Segment Start: Data in this exercise

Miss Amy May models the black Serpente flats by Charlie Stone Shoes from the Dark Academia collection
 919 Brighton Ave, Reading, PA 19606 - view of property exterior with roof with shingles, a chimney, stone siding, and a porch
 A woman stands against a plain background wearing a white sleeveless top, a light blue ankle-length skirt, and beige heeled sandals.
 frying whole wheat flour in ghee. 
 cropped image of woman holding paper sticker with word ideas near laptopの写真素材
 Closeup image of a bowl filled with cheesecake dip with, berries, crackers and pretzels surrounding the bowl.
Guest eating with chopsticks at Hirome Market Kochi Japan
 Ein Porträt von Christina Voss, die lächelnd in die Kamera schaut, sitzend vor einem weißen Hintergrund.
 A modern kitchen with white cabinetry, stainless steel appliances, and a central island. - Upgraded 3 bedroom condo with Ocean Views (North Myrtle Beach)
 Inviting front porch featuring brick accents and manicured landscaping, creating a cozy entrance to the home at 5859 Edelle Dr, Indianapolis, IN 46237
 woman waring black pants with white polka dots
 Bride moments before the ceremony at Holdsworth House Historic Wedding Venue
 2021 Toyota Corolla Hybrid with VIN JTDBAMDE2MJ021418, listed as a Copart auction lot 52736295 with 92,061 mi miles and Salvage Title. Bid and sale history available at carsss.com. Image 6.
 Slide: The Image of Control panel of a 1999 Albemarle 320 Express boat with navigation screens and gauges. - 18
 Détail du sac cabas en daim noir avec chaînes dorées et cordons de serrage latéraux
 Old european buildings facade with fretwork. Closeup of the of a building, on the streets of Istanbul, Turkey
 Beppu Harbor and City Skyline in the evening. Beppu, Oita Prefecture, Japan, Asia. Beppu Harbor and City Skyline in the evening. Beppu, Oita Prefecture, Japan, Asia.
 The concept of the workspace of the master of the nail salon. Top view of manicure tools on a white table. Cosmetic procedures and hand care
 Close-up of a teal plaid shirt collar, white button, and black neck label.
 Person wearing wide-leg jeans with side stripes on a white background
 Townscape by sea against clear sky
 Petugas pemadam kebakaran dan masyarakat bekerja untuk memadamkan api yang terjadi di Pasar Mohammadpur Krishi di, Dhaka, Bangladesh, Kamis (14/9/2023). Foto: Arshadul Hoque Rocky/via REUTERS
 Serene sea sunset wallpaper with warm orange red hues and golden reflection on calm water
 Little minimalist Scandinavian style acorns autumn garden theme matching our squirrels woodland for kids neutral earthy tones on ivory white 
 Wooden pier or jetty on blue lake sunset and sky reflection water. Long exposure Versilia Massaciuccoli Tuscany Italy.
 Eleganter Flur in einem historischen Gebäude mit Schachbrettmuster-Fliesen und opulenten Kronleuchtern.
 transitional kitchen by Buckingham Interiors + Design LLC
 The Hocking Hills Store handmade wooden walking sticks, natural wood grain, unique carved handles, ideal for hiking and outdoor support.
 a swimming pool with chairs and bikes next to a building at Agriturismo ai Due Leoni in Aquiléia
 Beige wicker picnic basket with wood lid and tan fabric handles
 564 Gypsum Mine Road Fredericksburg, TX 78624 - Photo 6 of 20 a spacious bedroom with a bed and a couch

Segment End: Data in this exercise

**Exercise goal**
Each line of the data in which the string "kitchen" appears needs to be copied.

**Solution**
 A modern kitchen with white cabinetry, stainless steel appliances, and a central island. - Upgraded 3 bedroom condo with Ocean Views (North Myrtle Beach)
 transitional kitchen by Buckingham Interiors + Design LLC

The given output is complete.